We add a node-scheduler-policy and gpu-scheduler-policy to config, then scheduler to use this policy can impl node binpack or spread or GPU binpack or spread or topology-aware. The topology-aware policy only takes effect with Nvidia GPUs.

User can set Pod annotation to change this default policy, use hami.io/node-scheduler-policy and hami.io/gpu-scheduler-policy to overlay scheduler config.

User Stories

This is a GPU cluster, having two node, the following story takes this cluster as a prerequisite.

scheduler-policy-story.png

Story 1

node binpack, use one node’s GPU card whenever possible, egs:

  • cluster resources:

    • node1: GPU having 4 GPU device
    • node2: GPU having 4 GPU device
  • request:

    • pod1: User 1 GPU
    • pod2: User 1 GPU
  • scheduler result:

    • pod1: scheduler to node1
    • pod2: scheduler to node1

Story 2

node spread, use GPU cards from different nodes as much as possible, egs:

  • cluster resources:

    • node1: GPU having 4 GPU device
    • node2: GPU having 4 GPU device
  • request:

    • pod1: User 1 GPU
    • pod2: User 1 GPU
  • scheduler result:

    • pod1: scheduler to node1
    • pod2: scheduler to node2

Story 3

GPU binpack, use the same GPU card as much as possible, egs:

  • cluster resources:

    • node1: GPU having 4 GPU device, they are GPU1,GPU2,GPU3,GPU4
  • request:

    • pod1: User 1 GPU, gpucore is 20%, gpumem-percentage is 20%
    • pod2: User 1 GPU, gpucore is 20%, gpumem-percentage is 20%
  • scheduler result:

    • pod1: scheduler to node1, select GPU1 this device
    • pod2: scheduler to node1, select GPU1 this device

Story 4

GPU spread, use different GPU cards when possible, egs:

  • cluster resources:

    • node1: GPU having 4 GPU device, they are GPU1,GPU2,GPU3,GPU4
  • request:

    • pod1: User 1 GPU, gpucore is 20%, gpumem-percentage is 20%
    • pod2: User 1 GPU, gpucore is 20%, gpumem-percentage is 20%
  • scheduler result:

    • pod1: scheduler to node1, select GPU1 this device
    • pod2: scheduler to node1, select GPU2 this device

Design Details

Node-scheduler-policy

node-shceduler-policy-demo.png

Binpack

Binpack mainly considers node resource usage. The more full the usage, the higher the score.

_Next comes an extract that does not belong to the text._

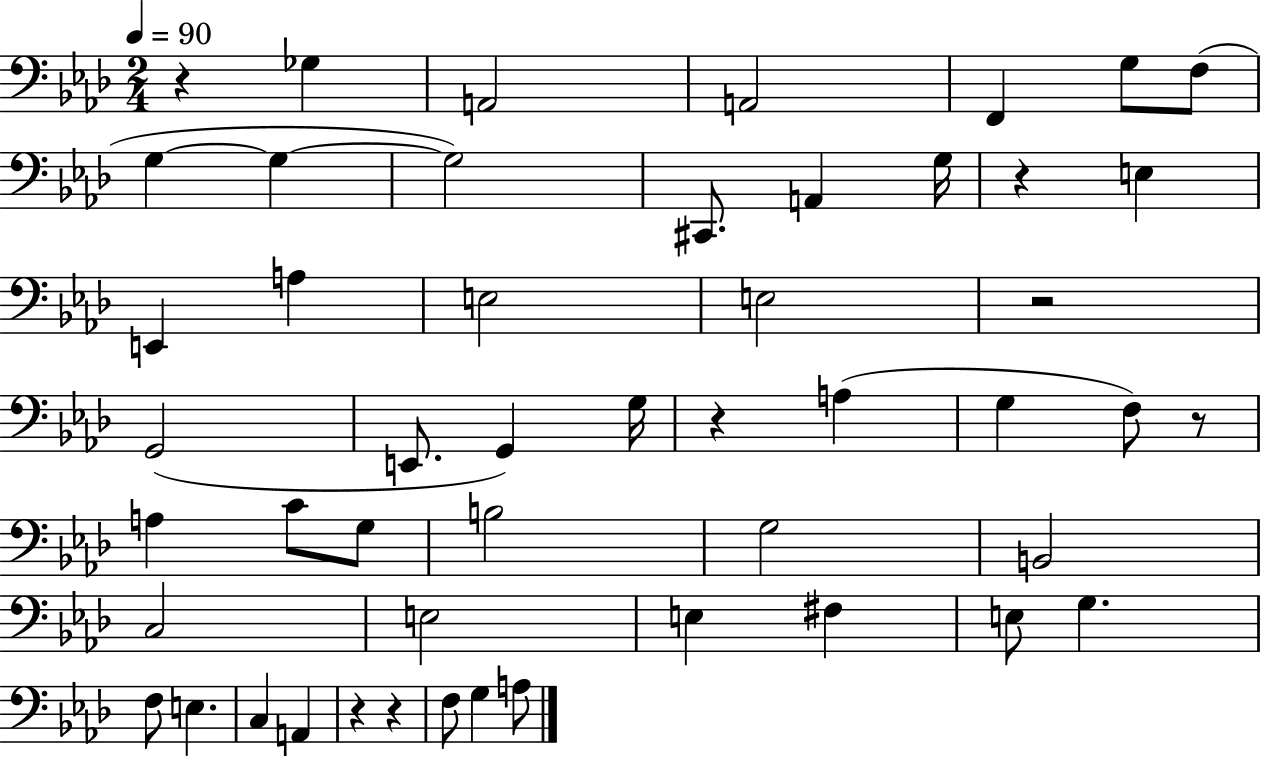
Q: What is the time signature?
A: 2/4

score: ((request + used) / allocatable) * 10 
  1. Binpack scoring information for Node 1 is as follows
Node1 score: ((1+3)/4) * 10= 10
  1. Binpack scoring information for Node 2 is as follows
Node2 score: ((1+2)/4) * 10= 7.5

So, in Binpack policy we can select Node1.

Spread

Spread mainly considers node resource usage. The less it is used, the lower the score, but the higher the priority.

score: ((request + used) / allocatable) * 10 
  1. Spread scoring information for Node 1 is as follows
Node1 score: ((1+3)/4) * 10= 10
  1. Spread scoring information for Node 2 is as follows
Node2 score: ((1+2)/4) * 10= 7.5

So, in Spread policy we can select Node2.

GPU-scheduler-policy

gpu-scheduler-policy-demo.png

Binpack

Binpack mainly focuses on the computing power and video memory usage of each card. The more it is used, the higher the score.

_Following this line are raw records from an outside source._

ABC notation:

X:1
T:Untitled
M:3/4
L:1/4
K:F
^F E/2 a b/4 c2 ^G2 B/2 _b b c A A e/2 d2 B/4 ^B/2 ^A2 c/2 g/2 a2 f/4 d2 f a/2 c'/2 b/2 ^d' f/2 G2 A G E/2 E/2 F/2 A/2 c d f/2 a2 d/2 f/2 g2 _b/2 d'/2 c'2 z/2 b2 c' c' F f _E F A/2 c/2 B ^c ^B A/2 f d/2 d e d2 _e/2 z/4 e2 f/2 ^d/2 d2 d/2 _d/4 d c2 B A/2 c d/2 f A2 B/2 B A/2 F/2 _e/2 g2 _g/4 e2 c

score: ((request.core + used.core) / allocatable.core + (request.mem + used.mem) / allocatable.mem)) * 10
  1. Binpack scoring information for GPU 1 is as follows
GPU1 Score: ((20+10)/100 + (1000+2000)/8000)) * 10 = 6.75
  1. Binpack scoring information for GPU 2 is as follows
GPU2 Score: ((20+70)/100 + (1000+6000)/8000)) * 10 = 17.75

So, in Binpack policy we can select GPU2.

Spread

Spread mainly focuses on the computing power and video memory usage of each card. The less it is used, the higher the score.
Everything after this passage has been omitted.